Unnamed: 0,Neighbourhood,Latitude,Longitude,Cluster,1st Venue Category,2nd Venue Category,3rd Venue Category,4th Venue Category,5th Venue Category
0,"Adelaide, King, Richmond",43.650571,-79.384568,2,Venue Category_Coffee Shop,Venue Category_Café,Venue Category_Steakhouse,Venue Category_Bar,Venue Category_Thai Restaurant
1,Berczy Park,43.644771,-79.373306,2,Venue Category_Coffee Shop,Venue Category_Cocktail Bar,Venue Category_Farmers Market,Venue Category_Café,Venue Category_Cheese Shop
2,"Brockton, Exhibition Place, Parkdale Village",43.636847,-79.428191,2,Venue Category_Breakfast Spot,Venue Category_Café,Venue Category_Coffee Shop,Venue Category_Burrito Place,Venue Category_Bar
3,Business Reply Mail Processing Centre 969 Eastern,43.662744,-79.321558,2,Venue Category_Light Rail Station,Venue Category_Yoga Studio,Venue Category_Park,Venue Category_Comic Shop,Venue Category_Recording Studio
4,"CN Tower, Bathurst Quay, Island airport, Harbo...",43.628947,-79.39442,2,Venue Category_Airport Service,Venue Category_Airport Lounge,Venue Category_Airport Terminal,Venue Category_Sculpture Garden,Venue Category_Airport Food Court
5,"Cabbagetown, St. James Town",43.667967,-79.367675,2,Venue Category_Coffee Shop,Venue Category_Restaurant,Venue Category_Pizza Place,Venue Category_Bakery,Venue Category_Pub
6,Central Bay Street,43.657952,-79.387383,2,Venue Category_Coffee Shop,Venue Category_Ice Cream Shop,Venue Category_Italian Restaurant,Venue Category_Café,Venue Category_Burger Joint
7,"Chinatown, Grange Park, Kensington Market",43.653206,-79.400049,2,Venue Category_Café,Venue Category_Vegetarian / Vegan Restaurant,Venue Category_Chinese Restaurant,Venue Category_Bakery,Venue Category_Mexican Restaurant
8,Christie,43.669542,-79.422564,2,Venue Category_Café,Venue Category_Grocery Store,Venue Category_Park,Venue Category_Baby Store,Venue Category_Athletics & Sports
9,Church and Wellesley,43.66586,-79.38316,2,Venue Category_Coffee Shop,Venue Category_Japanese Restaurant,Venue Category_Sushi Restaurant,Venue Category_Restaurant,Venue Category_Gay Bar


We see that the cluster 1 has more establishments of parks, playgrounds or nature trails.

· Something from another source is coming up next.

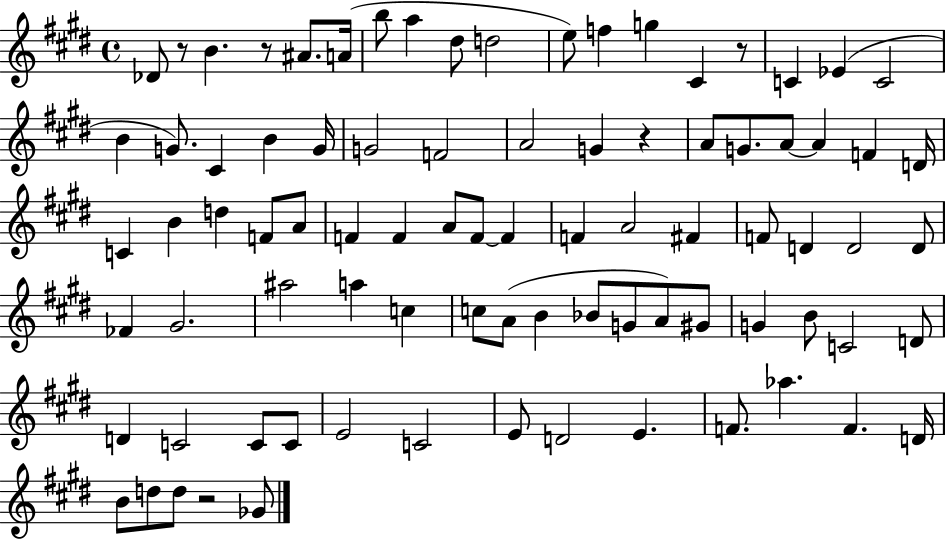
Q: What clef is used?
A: treble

Cluster 2 includes neighbourhood that has high food establishments such as coffee, restaurants or bub. While we cannot be too sure of cluster 0 and 3 due to low sample points in the cluster, it looks cluster 0 is most likely to be a tourist place with high establishments of trails and monuments/Landmark. We can plot the neighbourhoods based on cluster to visualize the analysis

In [216]:
map_clusters = folium.Map(location=[latitude, longitude], zoom_start=11)

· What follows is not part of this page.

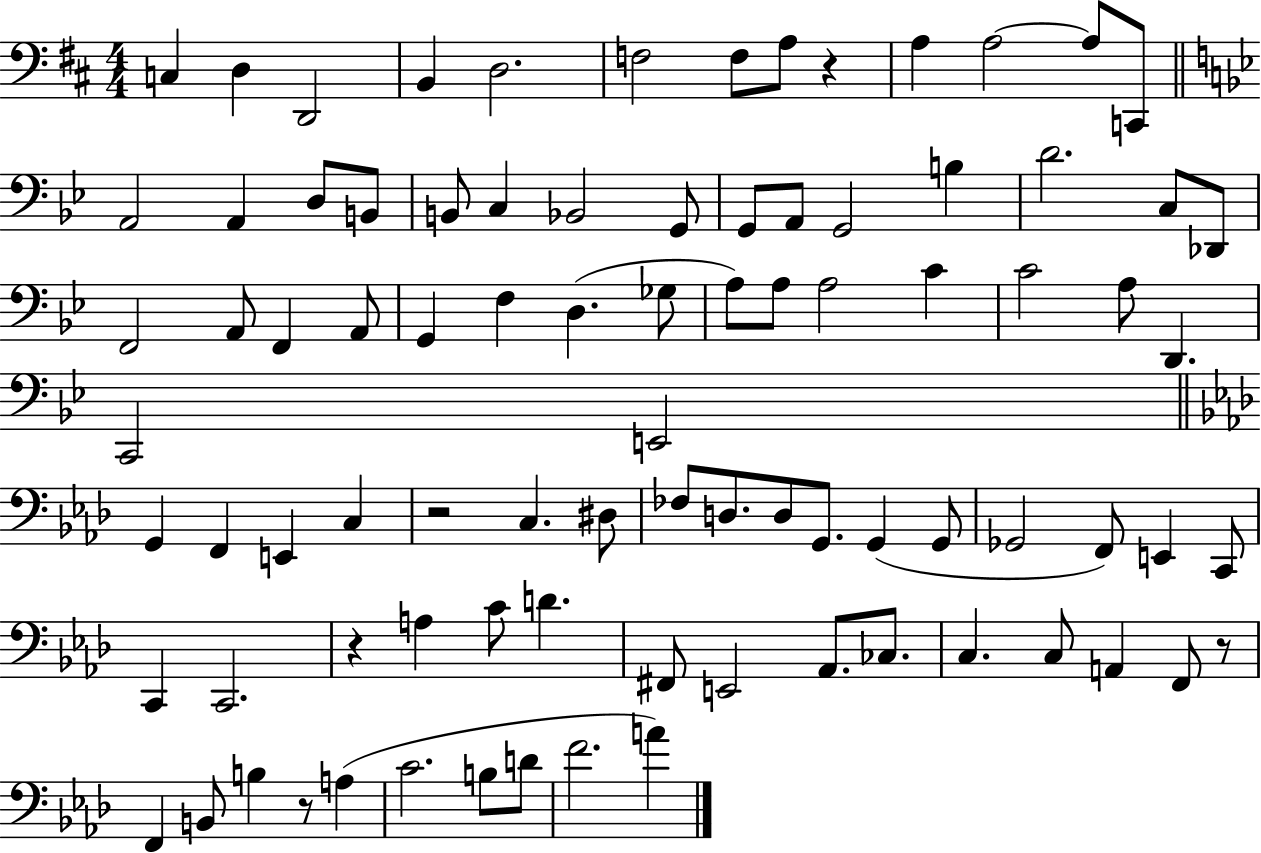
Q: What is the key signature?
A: D major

colors = ['red', 'green', 'blue', 'purple']

markers_colors = []
for lat, lon, poi, cluster in zip(df_nbhood_venue['Latitude'], df_nbhood_venue['Longitude'], df_nbhood_venue['Neighbourhood'], df_nbhood_venue['Cluster']):
    label = folium.Popup(str(poi) + ' Cluster ' + str(cluster), parse_html=True)
    folium.CircleMarker(
        [lat, lon],
        radius=5,
        popup=label,
        color=colors[cluster-1],
        fill=True,
        fill_color=colors[cluster-1],
        fill_opacity=0.7).add_to(map_clusters)
       
map_clusters
    

That concludes our analysis of clustering of neighbourhood of Toronto!